Der E65 ist eine High End Limousine. So wie auch eine S-Klasse oder ein A8.
Aber sicher kein Sportwagen. Folglich sind Dynamic Drive und EDC auch eher zur Verbesserung Komforts
und weniger zur Erzielung optimaler Rundenzeiten entwickelt worden.
Auch sollte man aus dem AMS Test nicht den voreiligen Schluß ziehen, daß der E65 wegen Dynamic Drive schneller
um die Kurve saust. Beim Slalom- und Wedeltest sind Lastwechselreaktionen ein entscheidender Einflußfaktor,
der vom Dynamic Drive System günstig beeinflußt wird.
Und nicht zu vergessen die Ausweichgasse (sehr wichtig für den Strassenverkehr).

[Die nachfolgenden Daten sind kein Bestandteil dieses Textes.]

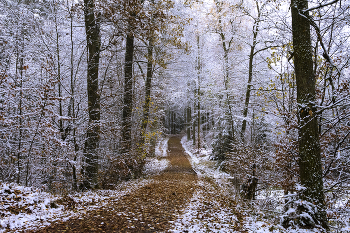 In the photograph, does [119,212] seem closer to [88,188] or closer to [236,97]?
[88,188]

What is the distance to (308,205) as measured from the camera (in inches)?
173

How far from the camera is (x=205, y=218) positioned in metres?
5.43

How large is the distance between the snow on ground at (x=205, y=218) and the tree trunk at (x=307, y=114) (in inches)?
73.5

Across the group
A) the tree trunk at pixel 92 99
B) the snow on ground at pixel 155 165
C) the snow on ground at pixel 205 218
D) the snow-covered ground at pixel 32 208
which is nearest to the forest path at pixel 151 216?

So gelten z.B. bei konstanter Kurvengeschwindigkeit (Ideallinie)ganz andere Bedingungen.
Es stimmt, DSC hilft umso weniger, je stärker das Fahrzeug "quersteht",
weil ein Rad das 100% Querkräfte übertragt eben keine Längskräfte mehr übertragen kann.
In dem Fall ist es also egal ob das Rad gebremst wird oder nicht.
Folglich versucht das DSC möglichst frühzeitig einzugreifen.
Mit dem Traktionsmodus des DSC (DTC) wird im Grunde nur der zulässige Schlupf an den Hinterrädern verändert.
Das bedeutet, daß das Fahrzeug im Traktionsmodus etwas instabiler werden kann zugunsten von mehr Vortrieb.
Der zulässige Schlupf wird aber bei höheren Querbeschleunigungen aus Sicherheitsgründen wiedern deaktiviert.
Eben genau um allzu leichtes Übersteuern beim Gas geben zu vermeiden.
Ach ja - noch ein Wort zu Überschlag.
Unter normalen Bedingungen kann sich ein E65 nicht überschlagen. Auch dann nicht, wenn er "quer" dahin rutscht.
Das könnt ihr alle selber beim Fahrtraining ausprobieren.
Wenn man allerdings beim "quer" rutschen irgendwo hängen bleibt z.B. an besonders hohen Randsteinen
oder im Strassengraben, dann sieht das natürlich anders aus.
Der geschrottete E65 mit dem fahrerseitig eingedrückten Dach, den beiden gebrochenen Achsen
und dem abgerissenen Schweller sieht auf den ersten Blick irgendwie nach "hängengeblieben" aus.
Doch das ist Spekulation - ich weiss nix über diesen Unfall.
usw. usw.
Die Dinge werden richtig kompliziert, wenn man ein wenig genauer hinschaut.